Classical Algebra

Posted Problem Solution

Monday, September 24, 2007

There was a request in today's class to present a solution to the problem taken from the course text, p. 52, that follows. (I did not want to devote in-class time to it.)

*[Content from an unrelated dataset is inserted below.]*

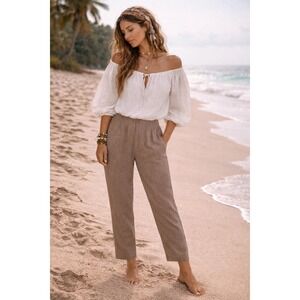 J Jill Love Linen Blend Pants Brown Cropped Elastic Waist Casual Women M coastal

Problem.   If $\left(a,b\right)=1$ and $c$ is an integer, then there is some integer $m$ so that $$\left(a+bm,c\right)=1\text{.}$$

Solution. Since $\left(a,b\right)=1$, by “Bezout's Identity” every integer is an integer linear combination of $a$ and $b$. In particular, there are integers $r,s$ such that $$c=ar+bs\text{.}$$

The mechanism that is used to show that the greatest common divisor of two successive remainders in the Euclidean algorithm stays unchanged through the steps of the algorithm may be described as the principle that for any integers $x$, $y$, and $q$ one has the identity $$\begin{array}{cc}\text{(*)}& \left(x,y\right)=\left(y,x-qy\right)\text{.}\end{array}$$ Then, using this principle, for any $m$, one has: $$\begin{array}{cccc}& \hfill \left(c,a+bm\right)& \hfill =\hfill & \left(ar+bs,a+bm\right)\hfill \\ & \hfill & \hfill =\hfill & \left(a+bm,\left(ar+bs\right)-r\left(a+bm\right)\right)\text{by (*)}\hfill \\ & \hfill & \hfill =\hfill & \left(a+bm,b\left(s-m\right)\right)\hfill \end{array}$$ Now choose $m$ so that $s-m=1$, i.e., take $m=s-1$. Then $$\begin{array}{cccc}& \hfill \left(c,a+bm\right)& \hfill =\hfill & \left(a+bm,b\right)\hfill \\ & \hfill & \hfill =\hfill & \left(b,\left(a+bm\right)-mb\right)\text{by (*)}\hfill \\ & \hfill & \hfill =\hfill & \left(b,a\right)\hfill \\ & \hfill & \hfill =\hfill & 1\hfill \end{array}$$